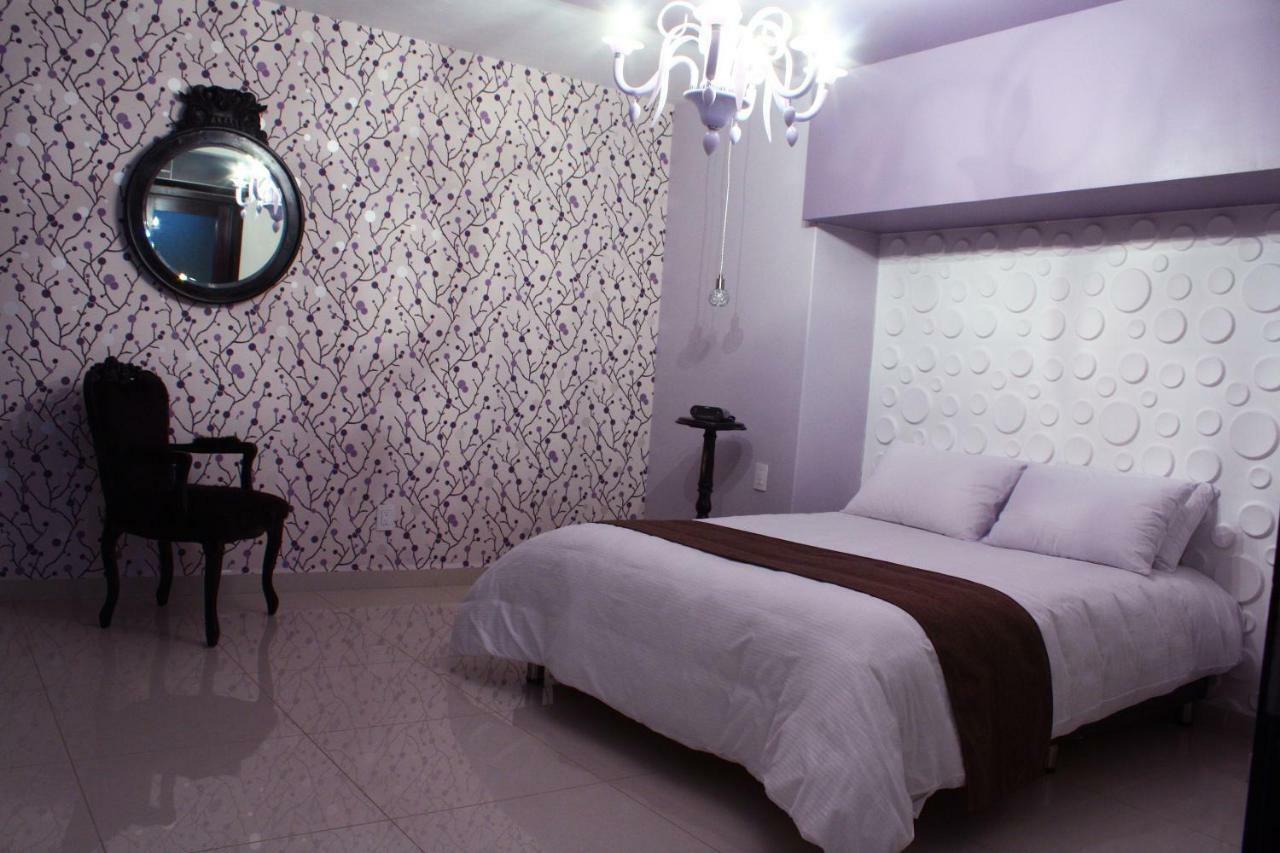 Casa Lunatta Guanajuato Kültér fotó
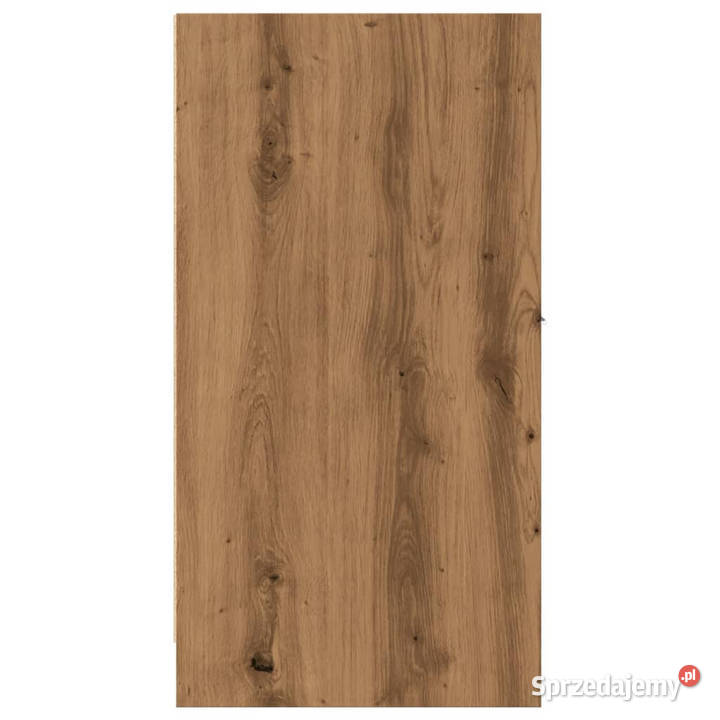 Szafka apteczna dąb artisian 30x41x775 WM855159 sprzedam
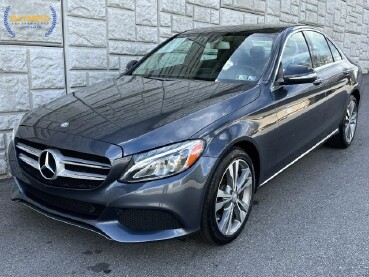 2015 Mercedes-Benz C 300 in Decatur, GA 30032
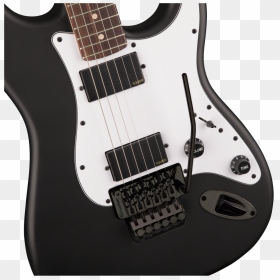 Demo Fender Squier Contemporary Active Stratocaster - Squier Contemporary Active Stratocaster, HD Png Download - fender stratocaster png
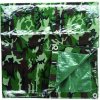 Mil-Tec Celta PE 285x400 cm woodland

------------------------------------

* Problem
Return only the lines from the line containing "Demo Fender Squier" through the last line of the records above, both ends included, exactly as written, leaving pictures out.

* Result of the task
 Demo Fender Squier Contemporary Active Stratocaster - Squier Contemporary Active Stratocaster, HD Png Download - fender stratocaster png
 Mil-Tec Celta PE 285x400 cm woodland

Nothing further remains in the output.